Items listed in a dataset:

------------

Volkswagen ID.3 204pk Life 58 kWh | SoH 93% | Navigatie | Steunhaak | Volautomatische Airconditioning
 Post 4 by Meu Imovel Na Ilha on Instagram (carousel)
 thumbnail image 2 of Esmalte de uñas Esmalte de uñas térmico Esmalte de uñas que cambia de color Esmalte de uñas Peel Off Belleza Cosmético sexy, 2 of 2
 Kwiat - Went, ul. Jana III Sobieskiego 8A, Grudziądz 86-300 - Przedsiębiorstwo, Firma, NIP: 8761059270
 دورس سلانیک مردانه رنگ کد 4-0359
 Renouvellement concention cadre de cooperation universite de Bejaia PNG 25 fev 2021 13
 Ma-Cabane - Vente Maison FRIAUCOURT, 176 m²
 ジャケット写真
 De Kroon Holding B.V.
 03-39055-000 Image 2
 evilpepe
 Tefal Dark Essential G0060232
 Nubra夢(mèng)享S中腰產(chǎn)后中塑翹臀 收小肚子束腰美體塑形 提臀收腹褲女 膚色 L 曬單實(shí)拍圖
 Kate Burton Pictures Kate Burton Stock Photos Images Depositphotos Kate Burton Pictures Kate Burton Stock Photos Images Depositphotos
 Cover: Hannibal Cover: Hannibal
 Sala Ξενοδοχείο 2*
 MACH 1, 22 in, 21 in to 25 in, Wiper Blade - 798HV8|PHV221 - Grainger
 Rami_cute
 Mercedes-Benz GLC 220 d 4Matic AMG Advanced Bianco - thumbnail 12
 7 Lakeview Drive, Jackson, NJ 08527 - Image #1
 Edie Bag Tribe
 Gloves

------------

Work required:
Retype exactly, and only, the lines above from the one where "Nubra夢(mèng)享S中腰產(chǎn)后中塑翹臀 收小肚子束腰美體塑形 提臀收腹褲女" occurs up to and including the one where "MACH 1, 22 in, 21" occurs.

Result below:
 Nubra夢(mèng)享S中腰產(chǎn)后中塑翹臀 收小肚子束腰美體塑形 提臀收腹褲女 膚色 L 曬單實(shí)拍圖
 Kate Burton Pictures Kate Burton Stock Photos Images Depositphotos Kate Burton Pictures Kate Burton Stock Photos Images Depositphotos
 Cover: Hannibal Cover: Hannibal
 Sala Ξενοδοχείο 2*
 MACH 1, 22 in, 21 in to 25 in, Wiper Blade - 798HV8|PHV221 - Grainger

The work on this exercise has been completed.